そもそも、白熱電灯から、LEDに変えて、消費電力はずっと少なくなっているのだから、少々のことでは大差ない、と思うのだが、私よりうーんと若い夫なのに、まるで昔の世代のように、「電気はつけっぱなしにすると電気代が高くつく」と言う頭がある。

ご存知、ベルサイユ宮殿は、太陽王ルイ14世が、1661年、「有史以来、最も大きく、
最も豪華な宮殿を!」との一言で建設が始まった。続く、ルイ15世、断頭台に消えた
ルイ16世までが、過ごした王宮で、部屋数2300、630000平米の大きさを誇る。

1789年のフランス革命によって王政が廃止されると、ベルサイユ宮殿は、権力の中枢
としての役割を終え、その後ナポレオンによる修復を経て、王政復古で王位に就いた
ルイ・フィリップ王によって歴史博物館に生まれ変わった。

ところで、ルイ16世が処刑されたのは、1793年の1月21日。
1815年来、毎年この日は、レクイエムのミサが各地のカトリック教会で開かれ、王族や
爵位を持った貴族の末裔たち『王党派』が集結。一方、ジャーナリスト、作家、哲学者等共和主義者たちも、市民が自由を勝ち取った「フランス革命」に思いを馳せ、フランスの伝統料理で、王党派を意味する隠語たる「Tete de Veau(子牛の頭)」の煮込みを食す、というから、いかにもフランスらしい。

日本では、ベルサイユが身近になった時代がある。

ある一定以上の年齢の方々はよくご存知、池田理代子さんの漫画作品「ベルばら」の
影響。

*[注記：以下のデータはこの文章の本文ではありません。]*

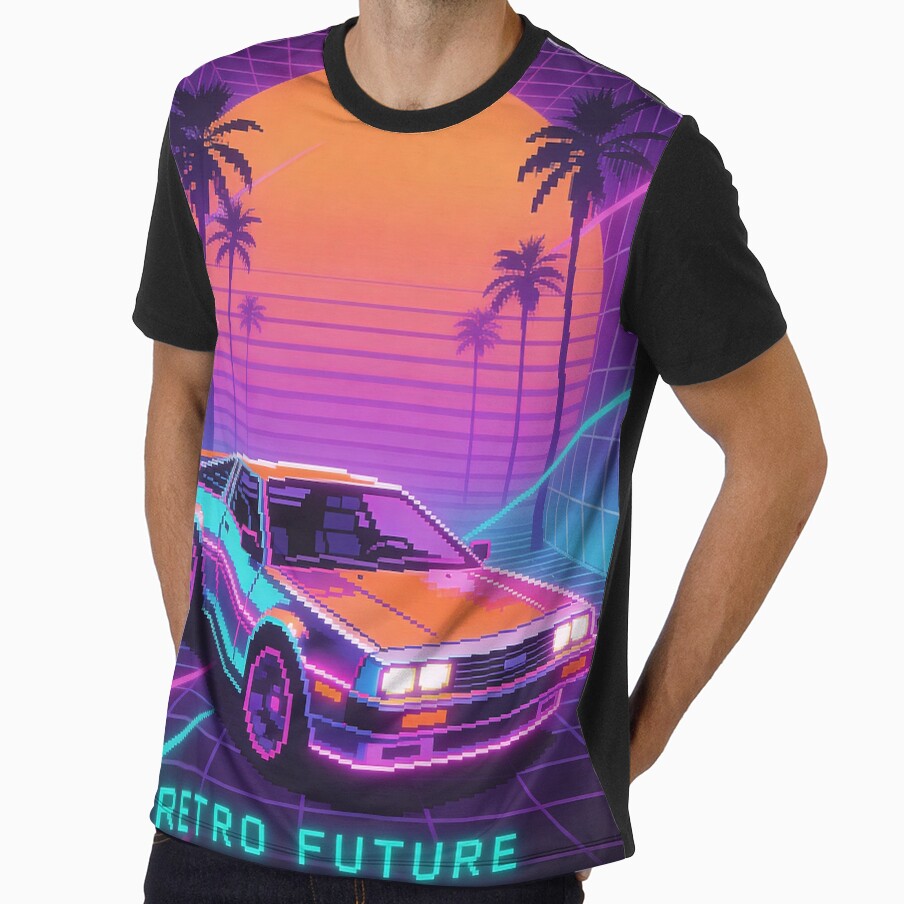 Retro Future Synthwave by RetroSynthwaveDesigns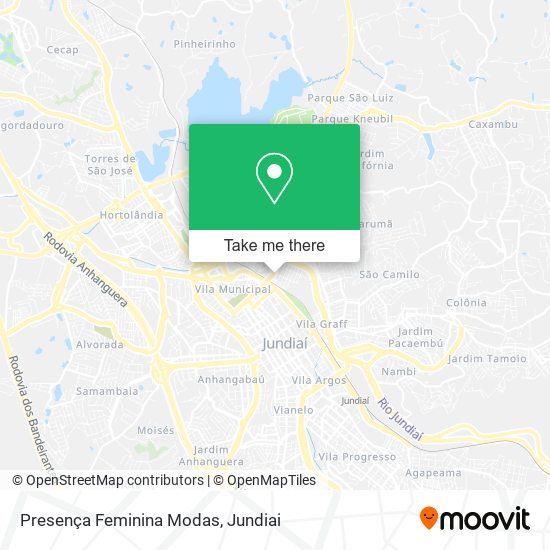 Presença Feminina Modas map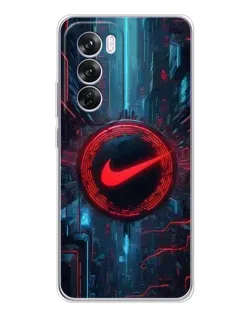 Чохол для OPPO A5 5G з картинкою «Техногенний стиль Nike»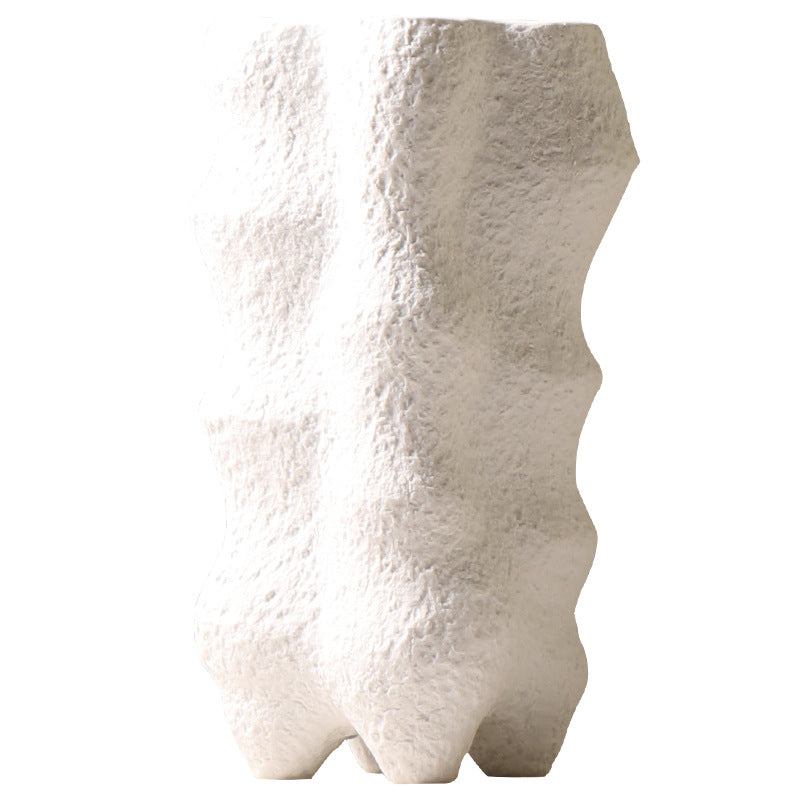 Vaso in ceramica stile astratto a forma di roccia
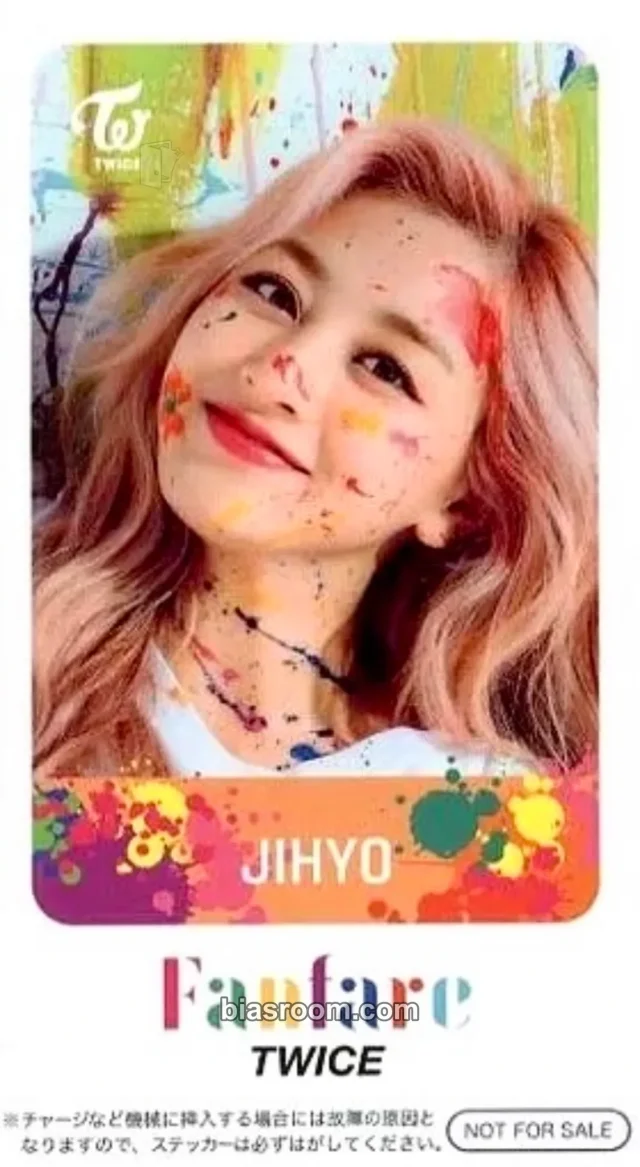 Jihyo TWICE Fanfare K-pop photocard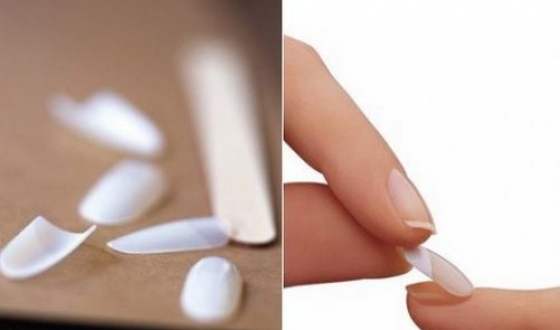 Как да лепило ноктите без лепило
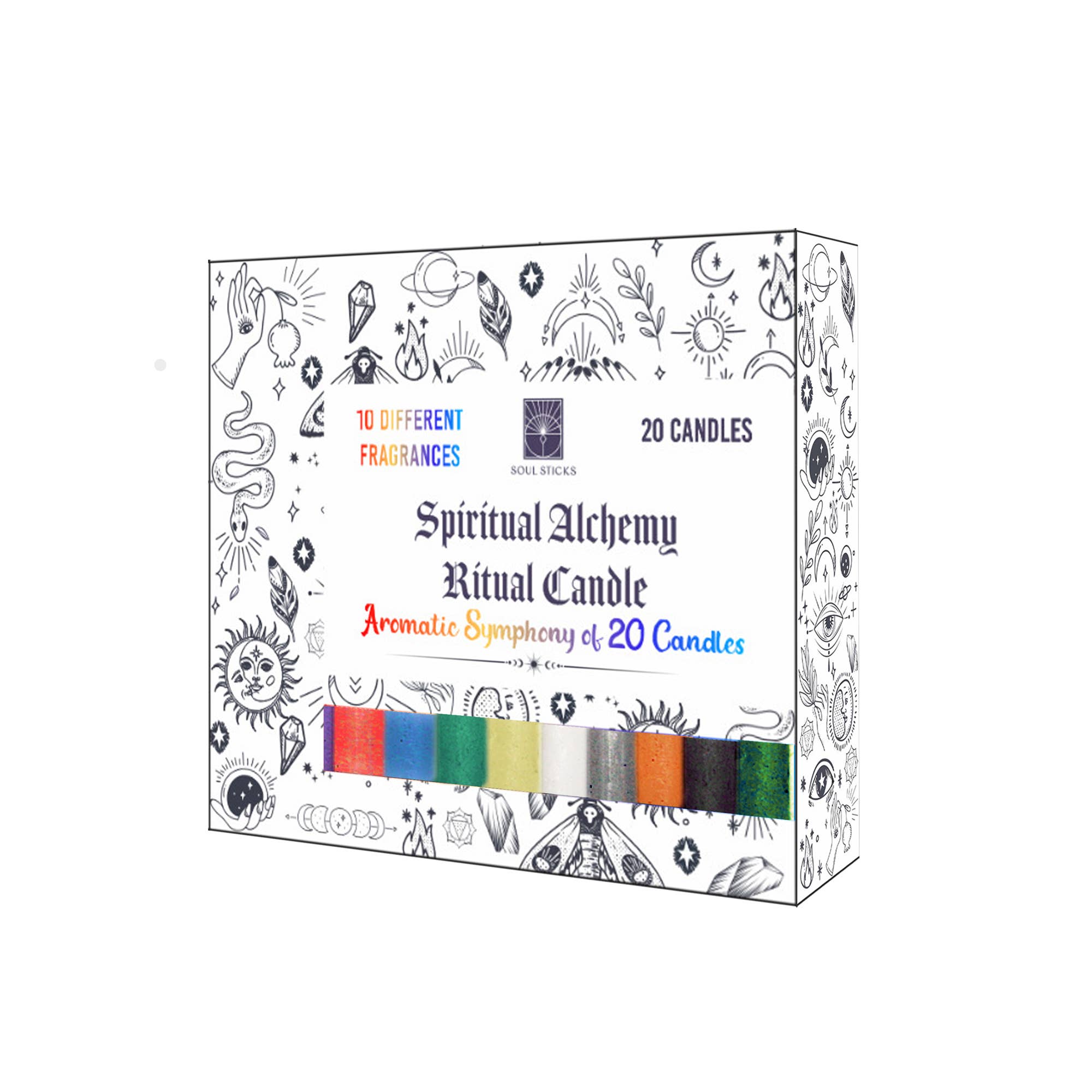 Soul Sticks - Spiritual Alchemy Ritual Candles (20)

史実を基に、男装の麗人オスカルとフランス王妃マリー・アントワネットらの
人生を描いたもので、宝塚歌劇団でも演じられてきた。
強烈なインパクトを放つ少女漫画だったが、世界中で翻訳され、フランスでも、Lady
Osacar やRose de Versaillesと呼ばれ、日本を代表するMangaとして知られている。

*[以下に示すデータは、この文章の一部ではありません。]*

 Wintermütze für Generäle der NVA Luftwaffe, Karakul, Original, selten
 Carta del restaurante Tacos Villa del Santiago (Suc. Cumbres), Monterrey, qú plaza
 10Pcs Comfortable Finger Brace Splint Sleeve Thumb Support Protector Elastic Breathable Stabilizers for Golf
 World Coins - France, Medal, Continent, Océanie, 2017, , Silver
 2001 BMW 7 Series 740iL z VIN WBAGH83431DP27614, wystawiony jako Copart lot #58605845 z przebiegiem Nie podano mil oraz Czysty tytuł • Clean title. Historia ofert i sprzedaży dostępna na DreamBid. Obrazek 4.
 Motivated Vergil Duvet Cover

おかげで、フランスに来たら、そのゆかりの地ベルサイユは必ず行く、と言うほどで、
混み合うことなど何のその、聖地巡礼のごとくファンなら必見の場所となっている。

さて、日本語で「鏡の回廊」と呼ばれるギャラリーは、
宮殿の中でも最も壮麗な空間だ。
73mもの大回廊の壁一面に、当時非常に高価だった鏡が357枚も張り込まれ、3列のシャンデリア、32の燭台, 150ものロウソク(現在は電灯)がついて、人工的な明るさを誇っている。

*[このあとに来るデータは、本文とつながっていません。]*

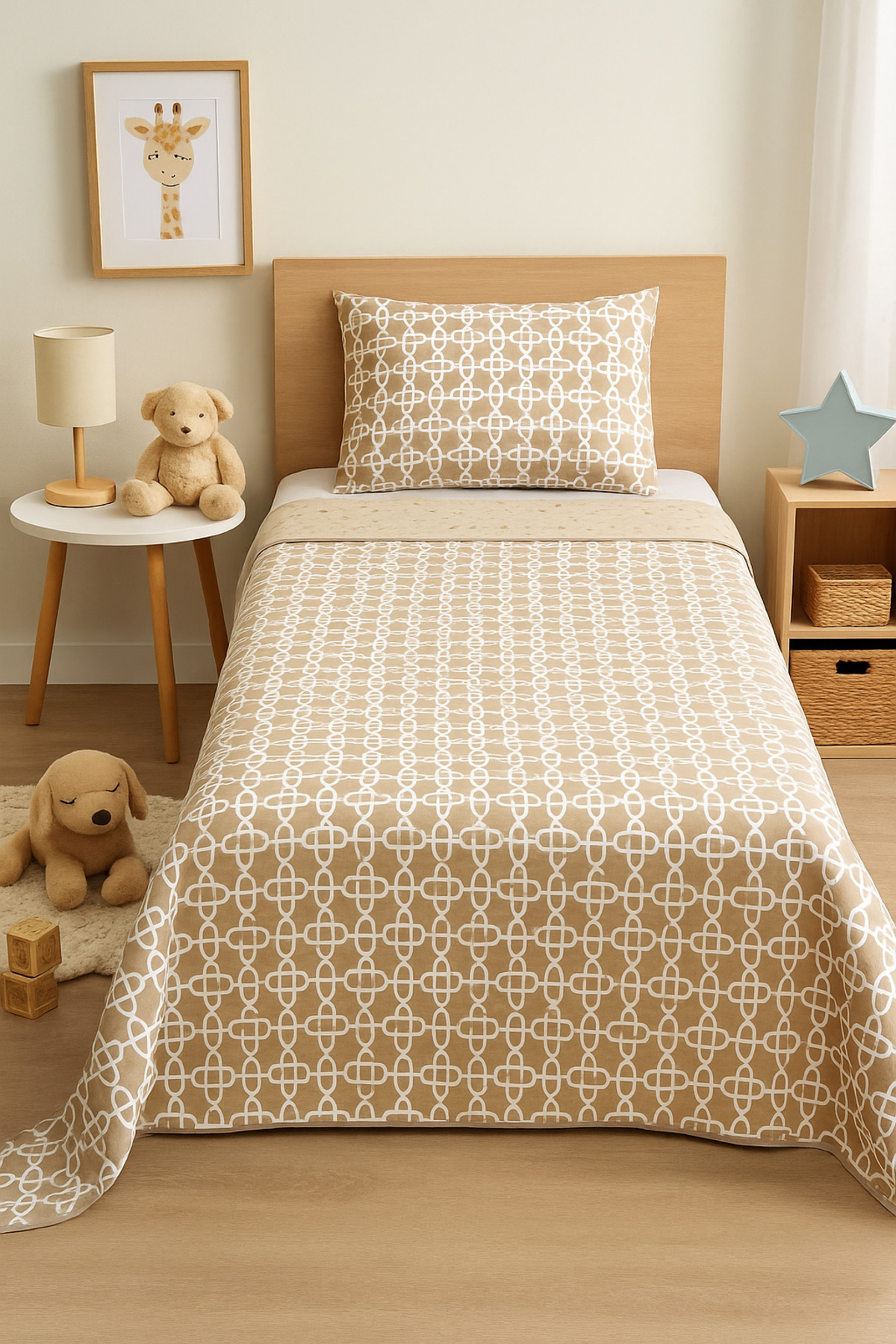 Ceyizza-Single Quilted Bedspread Set - Double Sided 2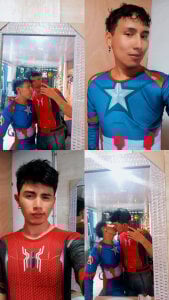 spicy_adonhis 🕸️Between cobwebs and shields... we know how to save the night 💥😉 Billede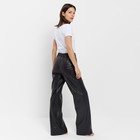 Брюки женские (экокожа) MINAKU: Eco leather цвет чёрный, размер 46 9437245 - фото 14152012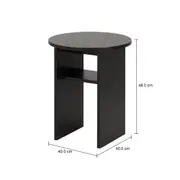 LUNE MESA LATERAL REDONDA 40 CM - PRETO - Foto 6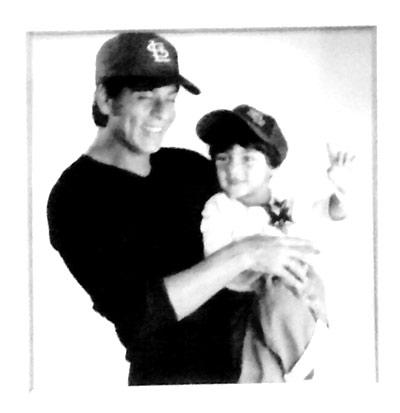 Shah Rukh Khan with his son Aryan. Picture courtesy his Twitter account @iamsrk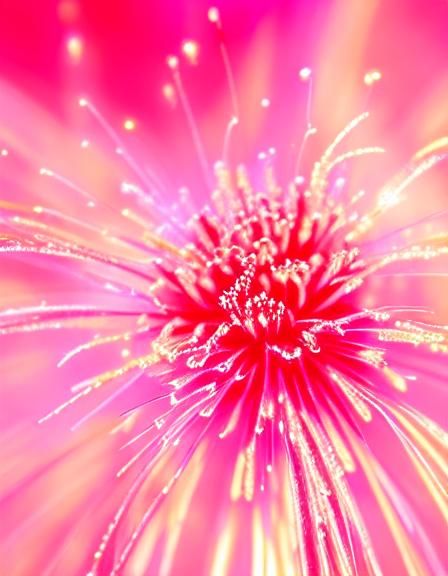 Magical Glowing Flower with Brass Valves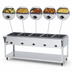 Thumbnail image #3 for Vollrath ServeWell SL 5-Well Electric Hot Food Table with Undershelf, Drains, and Adjustable Legs, 76-Inch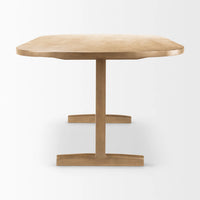 Viktor Dining Table Light Brown Wood | 94L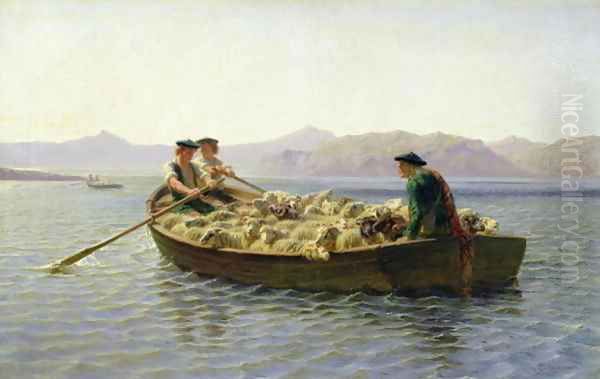 Rowing Boat 1863 Oil Painting by Paul-Camille Guigou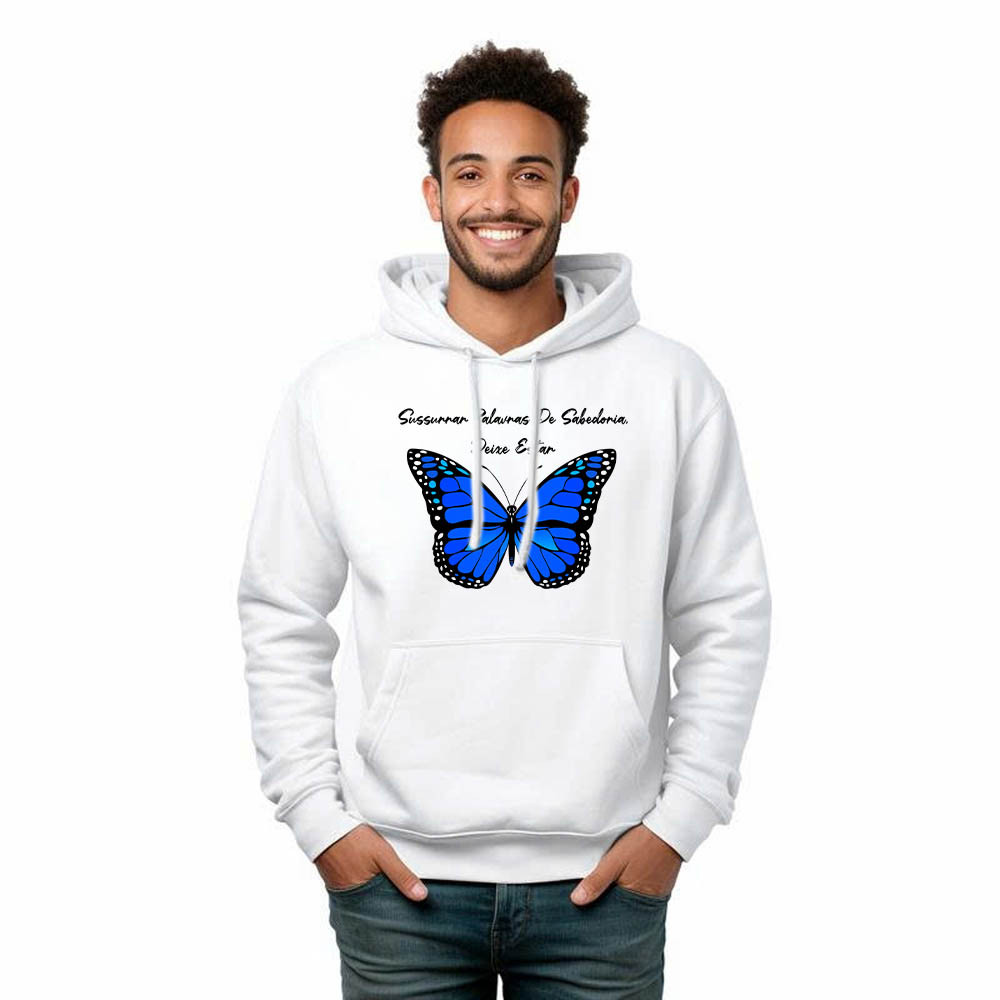 Butterfly Sussurrar Palavras De Sabedoria Deixe Estar Hoodie Butterfly Daughter To Mum Gifts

王族の結婚式の際の舞踏会場など祝典の舞台となり、1919年には第一次世界大戦を集結させたベルサイユ条約調印の場所にもなった。豪華絢爛なこの回廊は、フランス王室の
栄光をヨーロッパ中に鳴り響かせ、ヨーロッパの王侯貴族の憧れの的になった。

蛇足ながら、特権階級?から一挙に脱落した、昨今話題のカルロス・ゴーン被告。
ルノー社がベルサイユ宮殿と結んでいた文化振興スポンサー契約を利用し、アライアンス15周年記念式典を自分の誕生日に開催したり、再婚の祝宴パーティを開いたり、と言う
ことも話題になった。政治的失脚の裏は知る由もないが、どこか皮肉めいている。

で、話を戻して、先の表現「ここはベルサイユではない」の意味するところは、
『その電気代を支払う立場にない、特権階級の贅沢、を物語る』というわけだ。

翻って、家では、家長たる父親、母親が電気代を支払う義務があり、つけたい時にスイッチを押すだけの気軽さしか持ち合わせない子供達は、いわゆる特権を享受しながら、そのありがたさを噛みしめる立場にない、という現実があって、この表現がぴったりする。

昨今、日本も含め世界中で、電力会社が独占していた市場が解放され、電気事業が自由化、様々な企業が電力供給市場に乗り出し、消費者獲得に躍起になっている。
そんな中フランスでは、Total Direct Energieという石油会社がこれでTV広告を作った。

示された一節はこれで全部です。